▸ **REQUIREMENT**:
All that is needed is each line of the entries holding the word "Guide", copied as it stands.

Source data:
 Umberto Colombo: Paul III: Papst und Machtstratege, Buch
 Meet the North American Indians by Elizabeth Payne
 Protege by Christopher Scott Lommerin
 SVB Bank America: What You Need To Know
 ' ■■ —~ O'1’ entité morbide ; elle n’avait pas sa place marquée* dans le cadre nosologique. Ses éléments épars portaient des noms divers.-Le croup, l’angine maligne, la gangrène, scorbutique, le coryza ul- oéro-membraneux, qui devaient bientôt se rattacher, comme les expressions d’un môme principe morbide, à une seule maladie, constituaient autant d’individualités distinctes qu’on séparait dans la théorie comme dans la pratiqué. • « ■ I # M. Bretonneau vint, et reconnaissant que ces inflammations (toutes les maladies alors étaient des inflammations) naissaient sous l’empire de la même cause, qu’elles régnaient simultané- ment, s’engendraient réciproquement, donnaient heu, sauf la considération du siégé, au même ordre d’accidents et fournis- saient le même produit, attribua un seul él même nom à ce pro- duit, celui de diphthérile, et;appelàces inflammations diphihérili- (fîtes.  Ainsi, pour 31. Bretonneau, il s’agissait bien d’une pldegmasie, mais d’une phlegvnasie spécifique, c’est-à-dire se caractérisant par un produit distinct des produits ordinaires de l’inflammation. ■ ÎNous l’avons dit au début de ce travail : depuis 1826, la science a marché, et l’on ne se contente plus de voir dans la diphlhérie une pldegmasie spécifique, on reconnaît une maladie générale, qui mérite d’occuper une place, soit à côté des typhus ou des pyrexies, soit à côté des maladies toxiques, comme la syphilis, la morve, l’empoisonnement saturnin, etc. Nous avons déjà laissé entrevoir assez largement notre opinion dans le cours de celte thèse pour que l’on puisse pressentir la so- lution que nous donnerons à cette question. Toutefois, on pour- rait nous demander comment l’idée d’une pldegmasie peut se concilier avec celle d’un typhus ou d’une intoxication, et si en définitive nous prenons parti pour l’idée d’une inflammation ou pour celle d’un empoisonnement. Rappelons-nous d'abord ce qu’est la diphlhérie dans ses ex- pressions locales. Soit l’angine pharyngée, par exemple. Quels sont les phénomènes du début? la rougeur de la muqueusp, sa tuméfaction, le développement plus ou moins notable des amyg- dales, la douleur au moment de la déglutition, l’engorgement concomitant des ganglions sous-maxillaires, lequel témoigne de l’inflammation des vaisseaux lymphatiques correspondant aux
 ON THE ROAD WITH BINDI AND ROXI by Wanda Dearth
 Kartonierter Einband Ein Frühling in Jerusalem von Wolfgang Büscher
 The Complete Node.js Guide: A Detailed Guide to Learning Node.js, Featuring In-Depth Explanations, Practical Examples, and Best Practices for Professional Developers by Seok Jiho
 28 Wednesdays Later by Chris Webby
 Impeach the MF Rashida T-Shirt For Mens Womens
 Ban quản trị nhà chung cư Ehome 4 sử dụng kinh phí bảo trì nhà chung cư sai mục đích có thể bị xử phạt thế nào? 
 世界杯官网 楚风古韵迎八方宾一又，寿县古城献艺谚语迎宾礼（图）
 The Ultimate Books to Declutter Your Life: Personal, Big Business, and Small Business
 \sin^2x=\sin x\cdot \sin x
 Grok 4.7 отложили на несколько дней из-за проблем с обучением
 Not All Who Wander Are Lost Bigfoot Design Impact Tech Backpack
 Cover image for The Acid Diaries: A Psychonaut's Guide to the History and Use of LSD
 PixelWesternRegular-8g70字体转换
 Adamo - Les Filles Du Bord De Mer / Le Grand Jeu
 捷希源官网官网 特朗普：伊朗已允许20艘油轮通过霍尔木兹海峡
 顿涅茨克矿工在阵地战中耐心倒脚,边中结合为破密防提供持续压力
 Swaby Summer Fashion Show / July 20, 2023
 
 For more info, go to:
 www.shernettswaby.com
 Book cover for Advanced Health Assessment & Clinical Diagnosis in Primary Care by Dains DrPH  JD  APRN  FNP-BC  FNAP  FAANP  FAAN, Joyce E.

▸ **COMPLETED EXERCISE**:
 The Complete Node.js Guide: A Detailed Guide to Learning Node.js, Featuring In-Depth Explanations, Practical Examples, and Best Practices for Professional Developers by Seok Jiho
 Cover image for The Acid Diaries: A Psychonaut's Guide to the History and Use of LSD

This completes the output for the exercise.